◆ Data provided:
▼
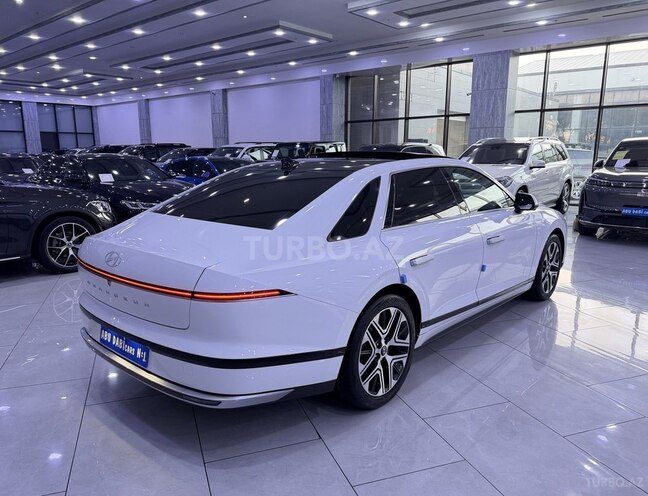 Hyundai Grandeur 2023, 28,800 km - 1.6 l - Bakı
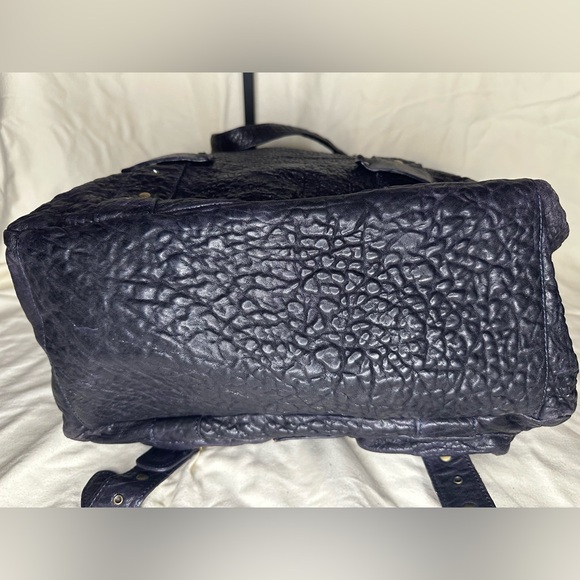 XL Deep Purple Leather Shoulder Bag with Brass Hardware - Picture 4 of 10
▲
▼
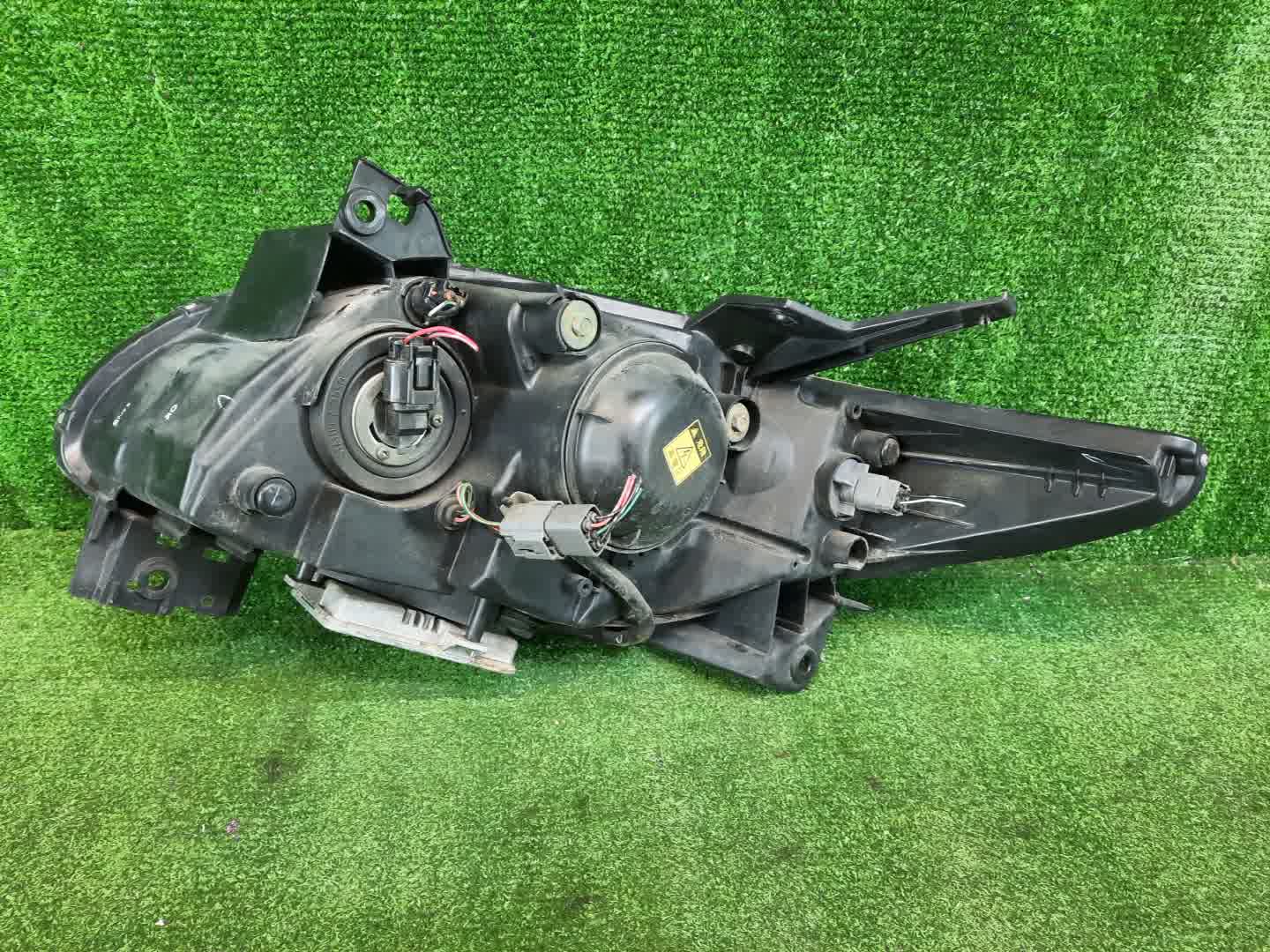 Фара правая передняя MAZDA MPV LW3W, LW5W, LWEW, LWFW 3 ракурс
▲
▼
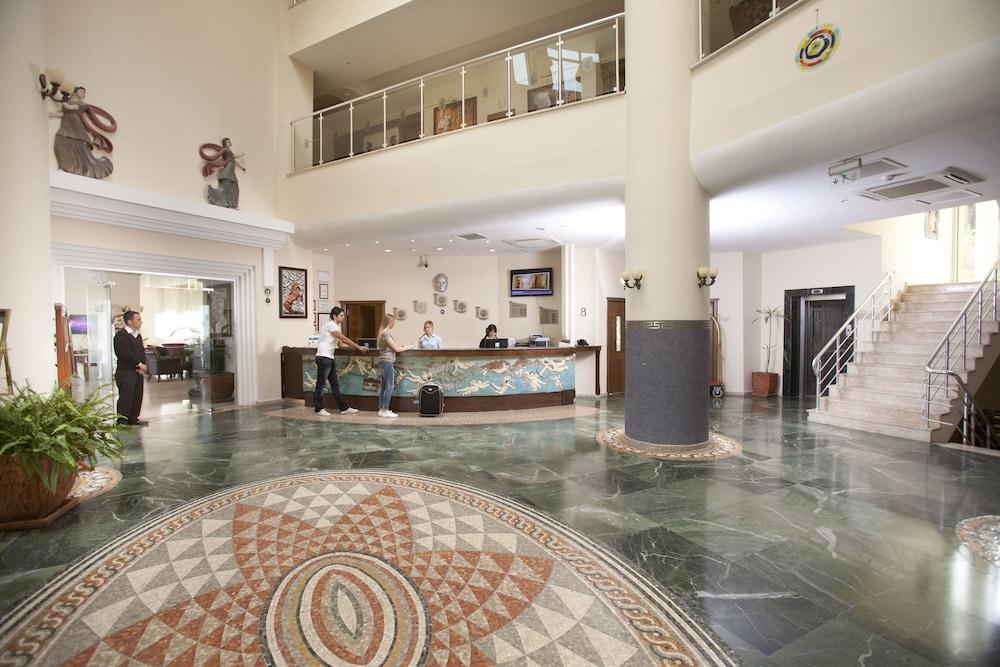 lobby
▲
◆ Work request:
What is needed is an exact copy of only the lines above from the one with "Hyundai Grandeur 2023, 28,800" to the one with "XL Deep Purple", both kept, with every picture left out.

◆ Solution:
 Hyundai Grandeur 2023, 28,800 km - 1.6 l - Bakı
 XL Deep Purple Leather Shoulder Bag with Brass Hardware - Picture 4 of 10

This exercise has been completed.